Copy the listing below in full and skip every picture.

Given data |
——

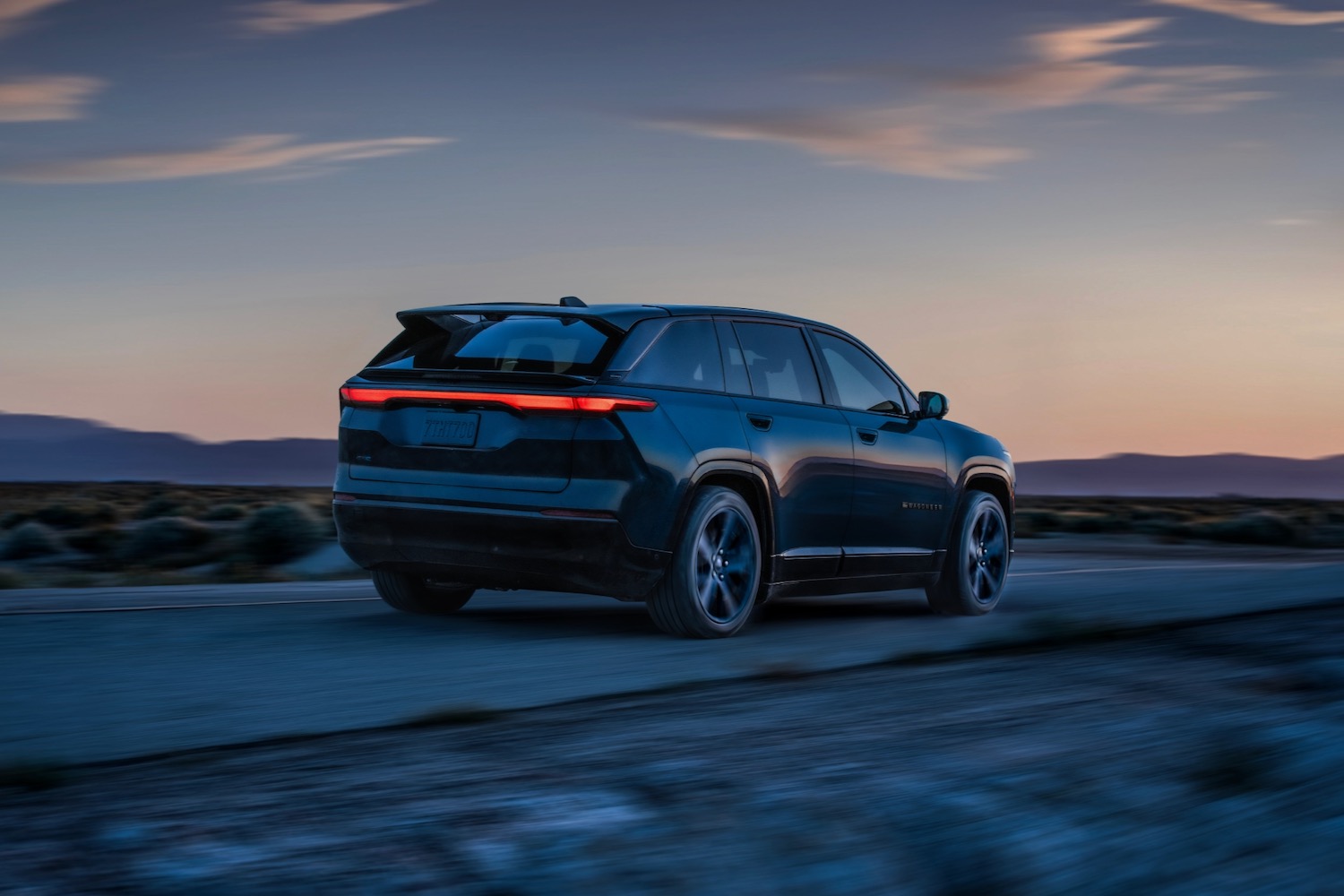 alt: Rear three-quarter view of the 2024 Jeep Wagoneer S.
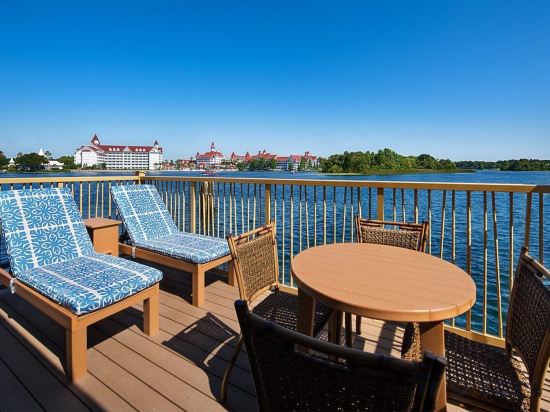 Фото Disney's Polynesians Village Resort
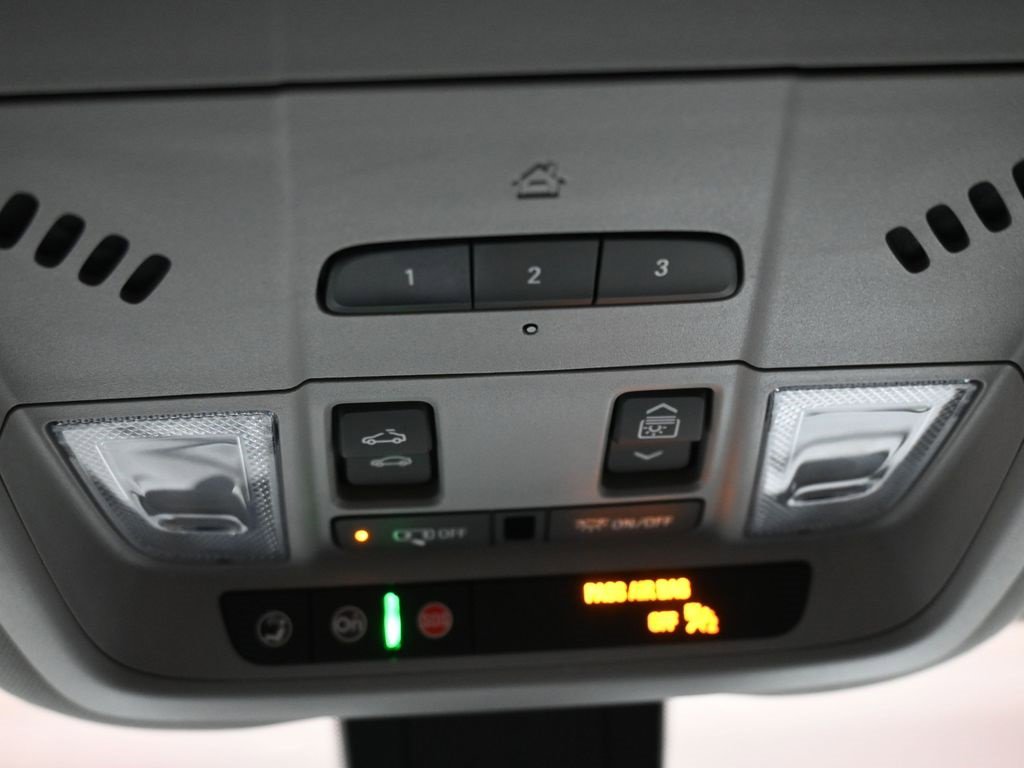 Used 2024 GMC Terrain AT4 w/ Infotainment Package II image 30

——

Completed task |
 alt: Rear three-quarter view of the 2024 Jeep Wagoneer S.
 Фото Disney's Polynesians Village Resort
 Used 2024 GMC Terrain AT4 w/ Infotainment Package II image 30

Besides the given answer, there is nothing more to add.